EXERCISE GOAL: Omit the pictures while printing every entry below exactly as given.

SUPPLIED INFORMATION:
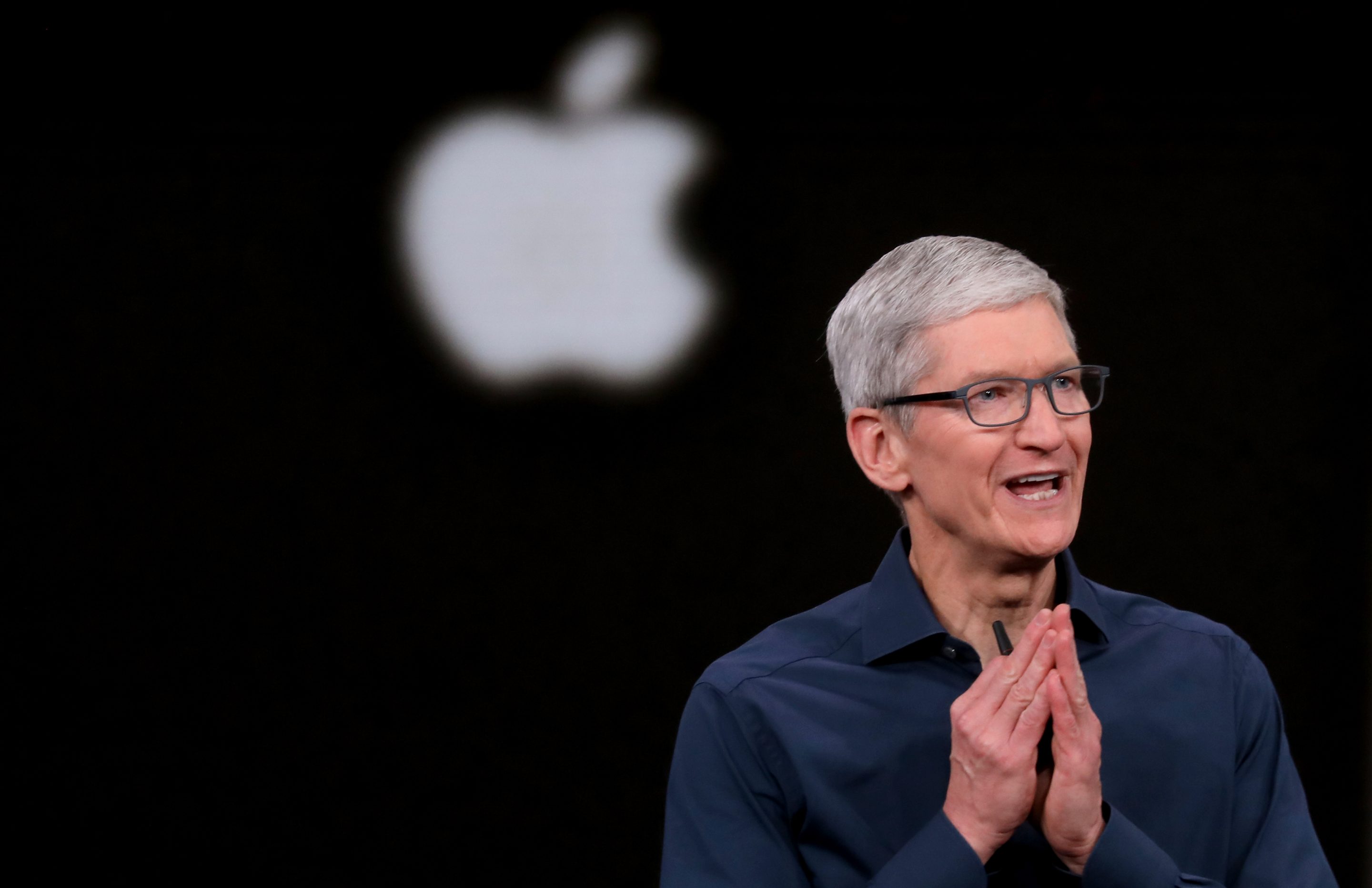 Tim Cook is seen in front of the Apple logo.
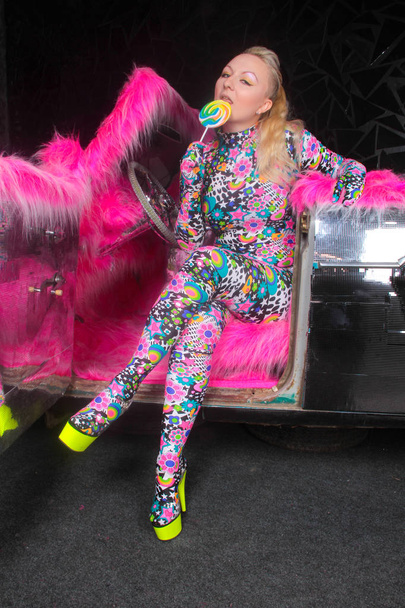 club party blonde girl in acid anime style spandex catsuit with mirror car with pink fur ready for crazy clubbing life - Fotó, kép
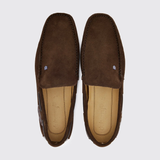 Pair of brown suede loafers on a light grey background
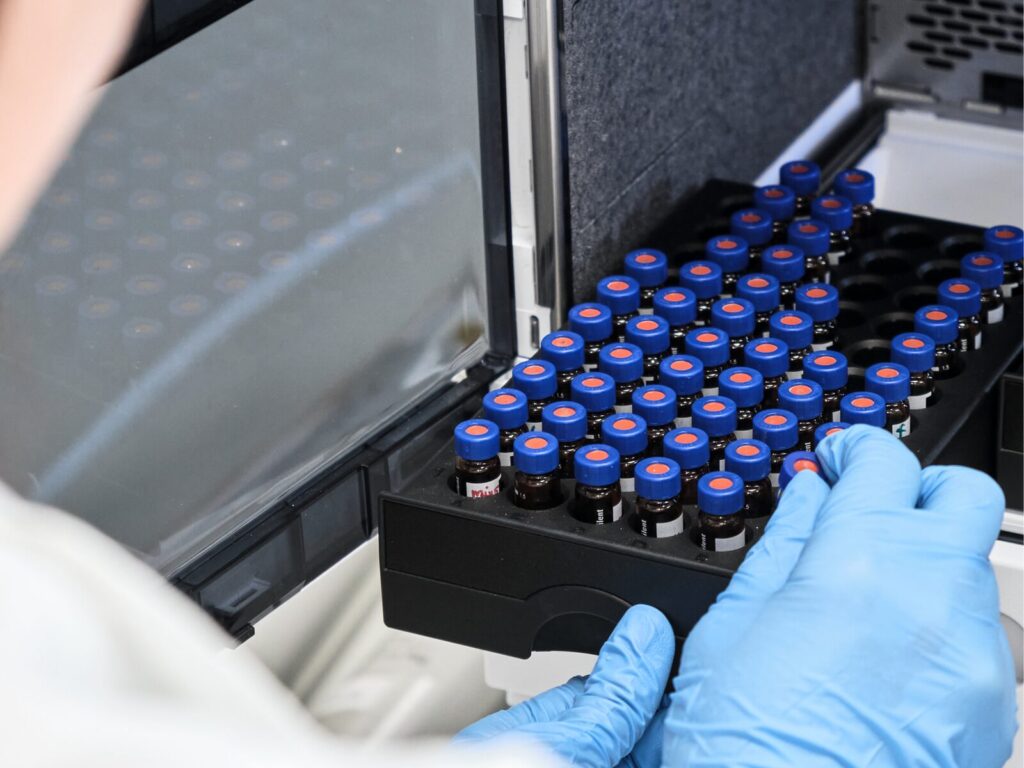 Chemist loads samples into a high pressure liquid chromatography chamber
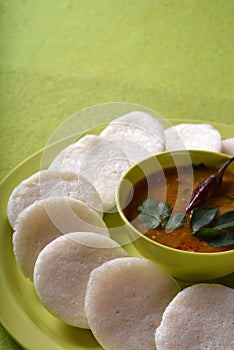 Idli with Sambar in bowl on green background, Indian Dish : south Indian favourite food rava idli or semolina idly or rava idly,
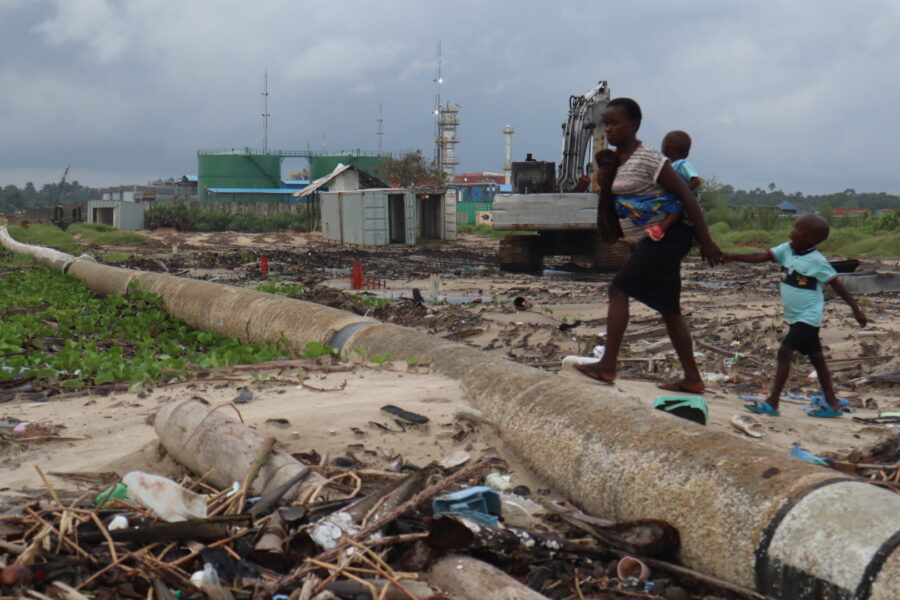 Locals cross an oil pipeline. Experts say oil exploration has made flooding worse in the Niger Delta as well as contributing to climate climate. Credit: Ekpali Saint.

ANSWER:
 Tim Cook is seen in front of the Apple logo.
 club party blonde girl in acid anime style spandex catsuit with mirror car with pink fur ready for crazy clubbing life - Fotó, kép
 Pair of brown suede loafers on a light grey background
 Chemist loads samples into a high pressure liquid chromatography chamber
 Idli with Sambar in bowl on green background, Indian Dish : south Indian favourite food rava idli or semolina idly or rava idly,
 Locals cross an oil pipeline. Experts say oil exploration has made flooding worse in the Niger Delta as well as contributing to climate climate. Credit: Ekpali Saint.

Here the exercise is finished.